Problem statement: Only the lines from the one containing "Kit 3 Troféus" to the end of the data should be copied, exactly and without pictures.

Records to process:
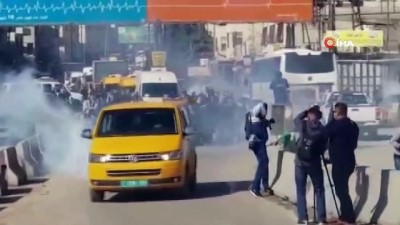 İsrail Askerleri Gazetecilerin Eylemlerine Müdahale Etti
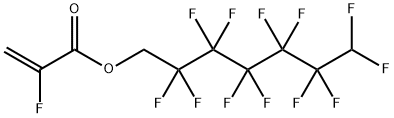 1H,1H,7H-PERFLUOROHEPTYL-2-FLUOROACRYLATE Structure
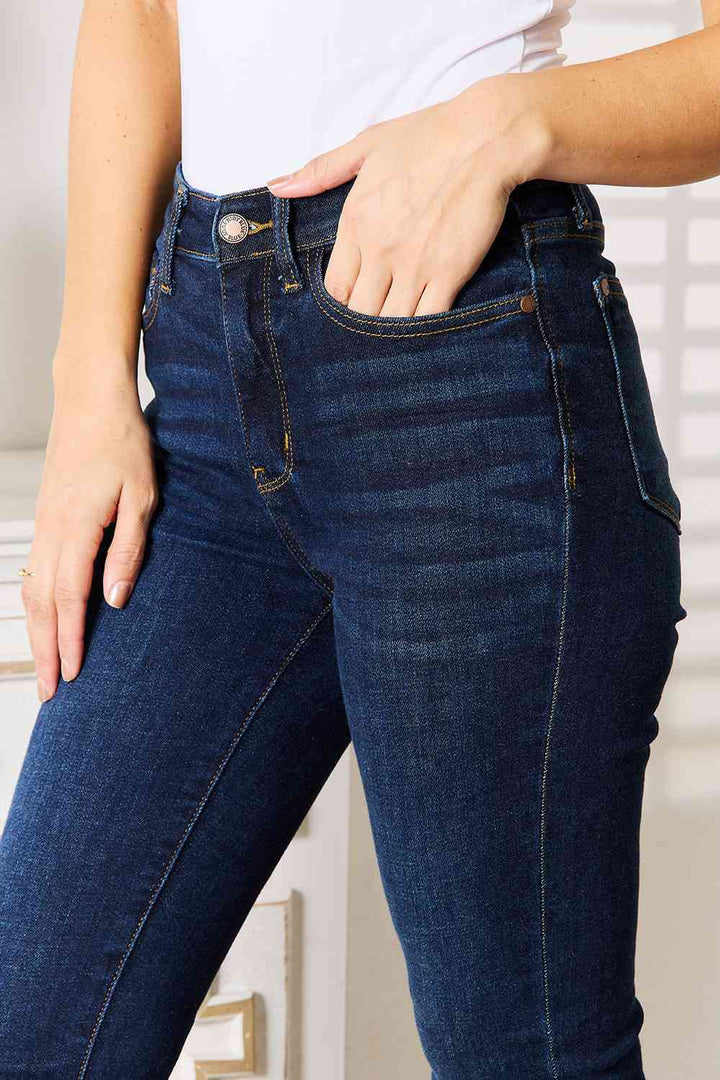 Judy Blue Full Size Skinny Jeans with Pockets | 1mrk.com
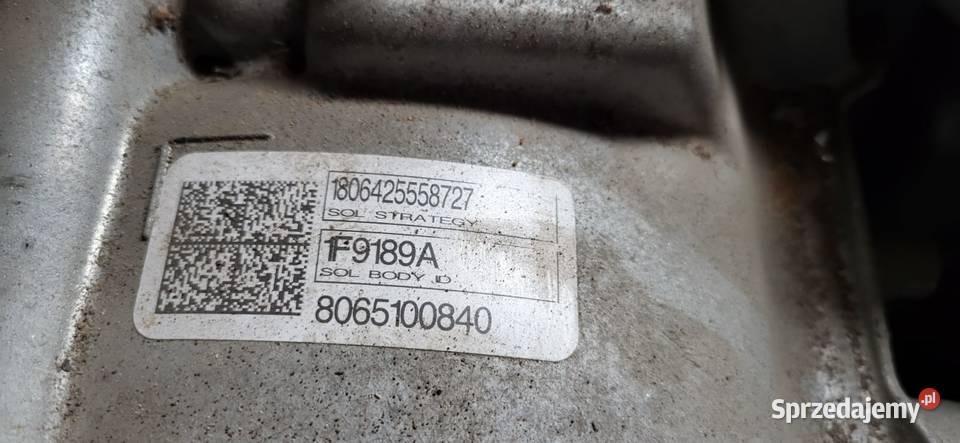 SKRZYNIA BIEGÓW FORD 1F9189A NA CZĘŚCI Mojusz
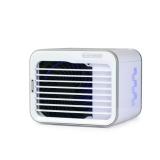 Black+Decker Desktop Evaporative Air Cooler, White-gray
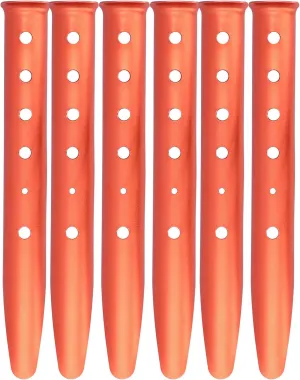 6 PCS U‑Shaped Tent Nails, Aluminium Alloy Tent Pegs Heavy Duty Camping Nail Holder, Tent Stake for Hikers Campers Beach Sand Peg Outdoor Canopies Snow Ground Stake Accessory Tool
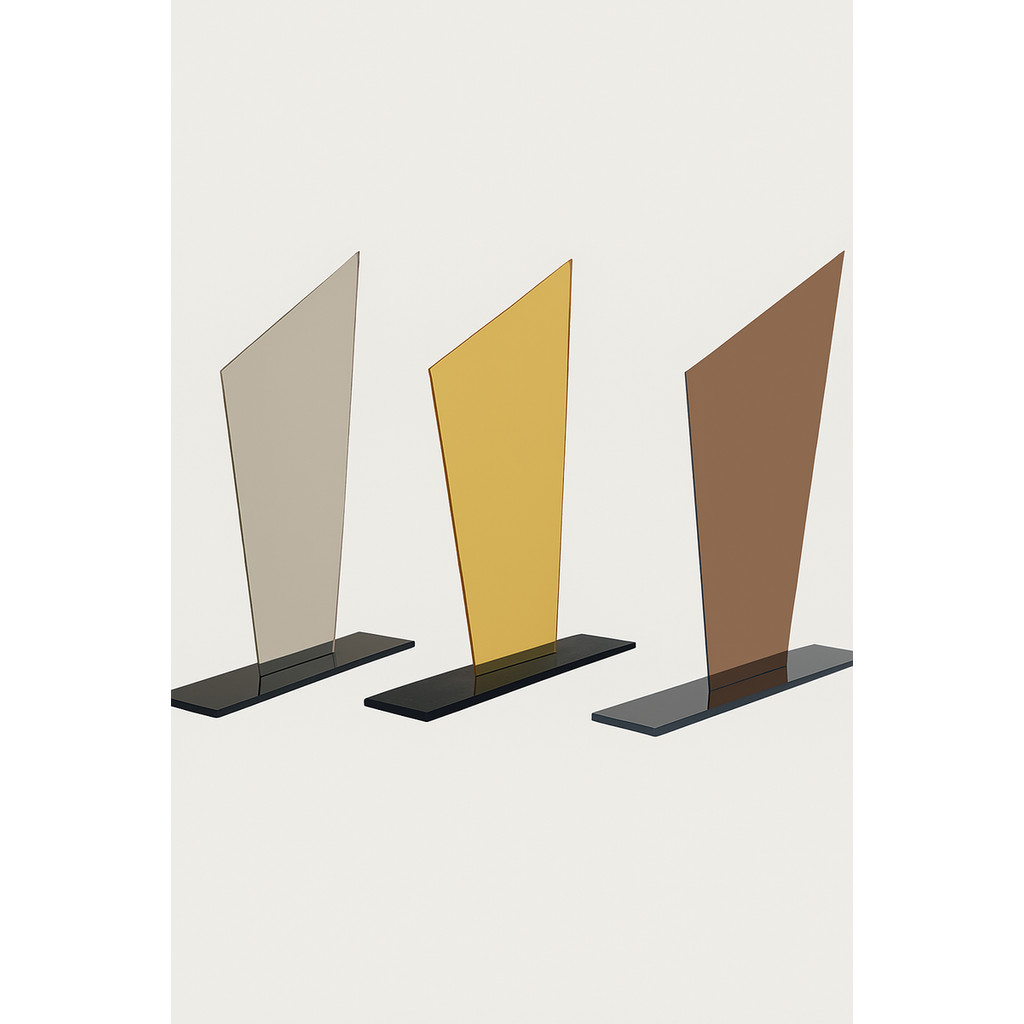 Kit 3 Troféus - Dourado, Prata e Bronze 10x18cm C/base Preta de 3mm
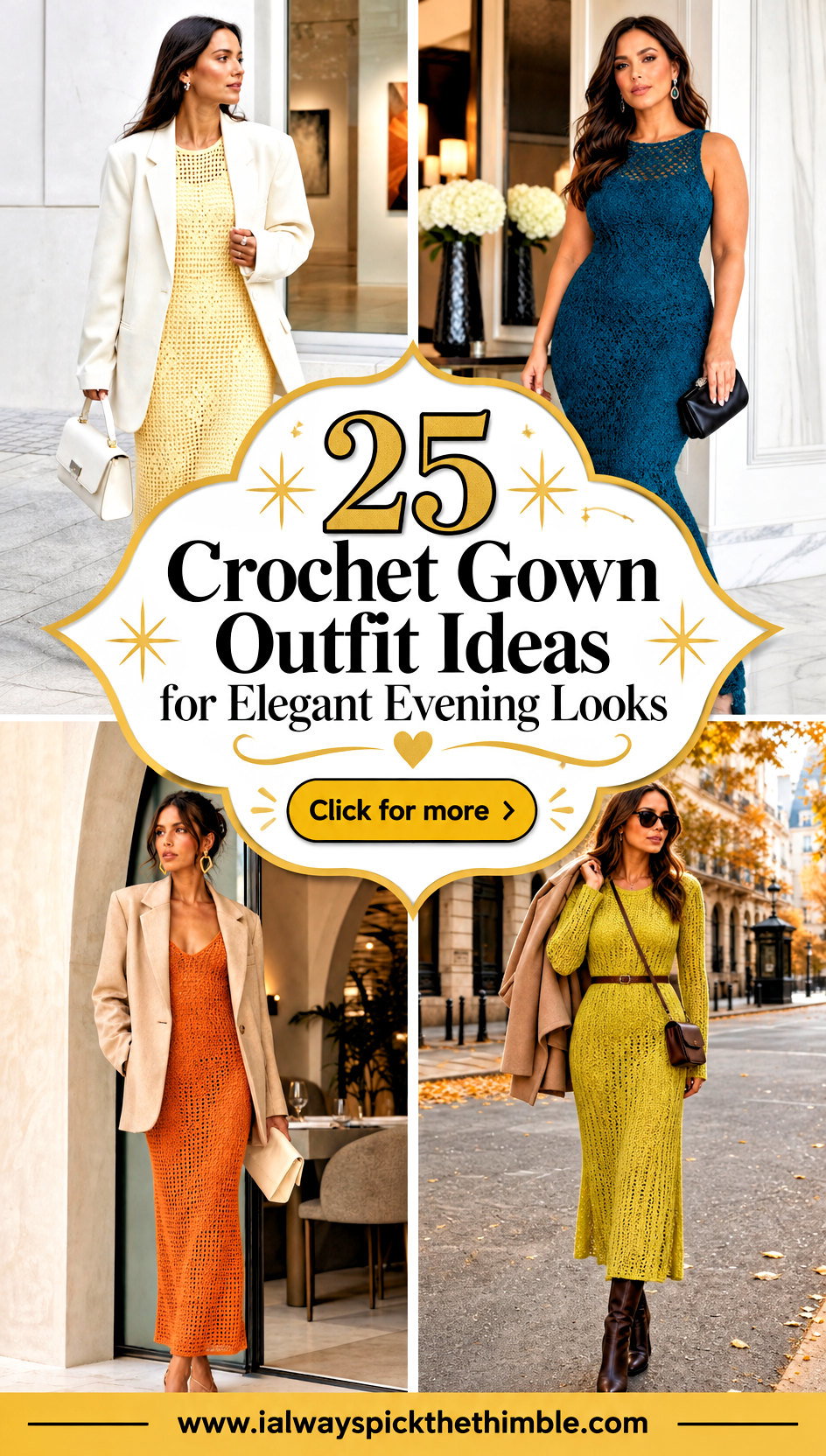 25 Crochet Gown Outfit Ideas for Elegant Evening Looks - 25 Crochet Gown Outfit Ideas for Elegant Evening Looks
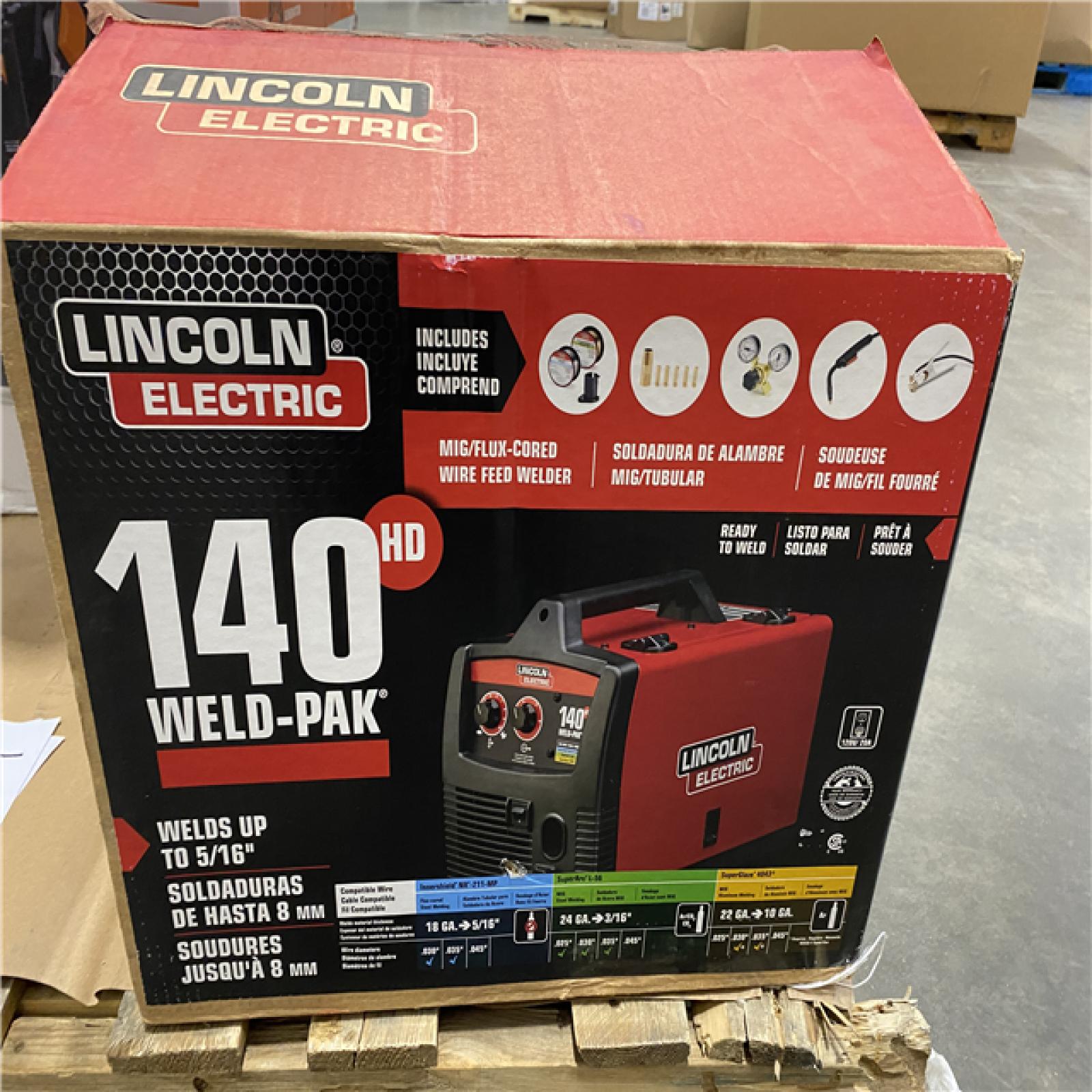 Dallas Location - As-Is Lincoln Electric Weld-Pak 140 Amp MIG Welder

Response box:
 Kit 3 Troféus - Dourado, Prata e Bronze 10x18cm C/base Preta de 3mm
 25 Crochet Gown Outfit Ideas for Elegant Evening Looks - 25 Crochet Gown Outfit Ideas for Elegant Evening Looks
 Dallas Location - As-Is Lincoln Electric Weld-Pak 140 Amp MIG Welder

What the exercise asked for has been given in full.